- _STORED DATA_

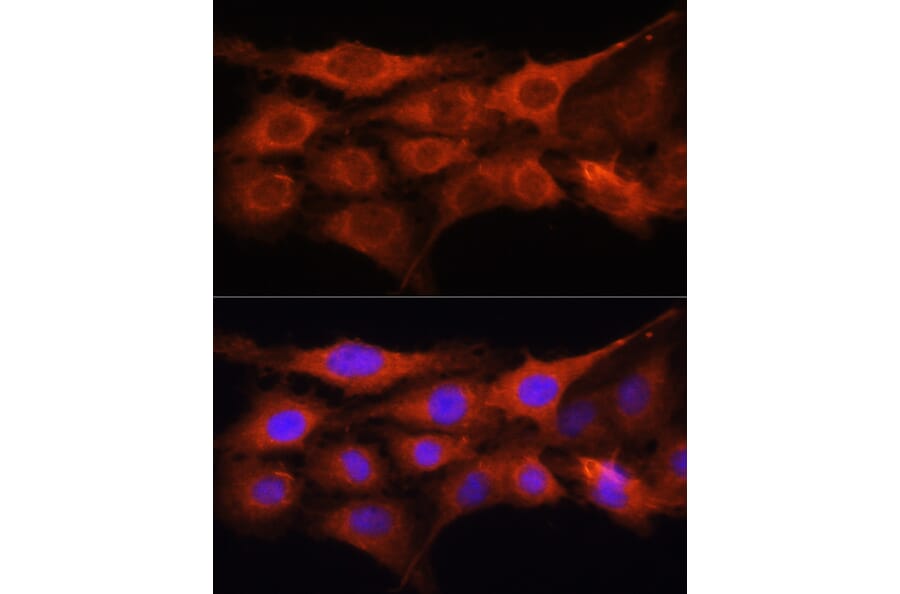 Immunofluorescence - Anti-GALNS/Chondroitinase Antibody (A14778) - Antibodies.com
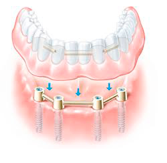 Tipos de prótesis para implantes dentales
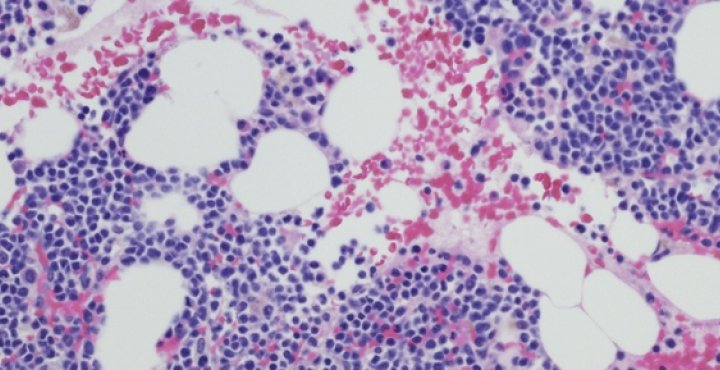 Cells magnified under a microscope.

- _WORK INSTRUCTION_
Go through the lines above and write each one out verbatim, skipping the pictures.

- _RESULT FOR THIS EXERCISE_
 Immunofluorescence - Anti-GALNS/Chondroitinase Antibody (A14778) - Antibodies.com
 Tipos de prótesis para implantes dentales
 Cells magnified under a microscope.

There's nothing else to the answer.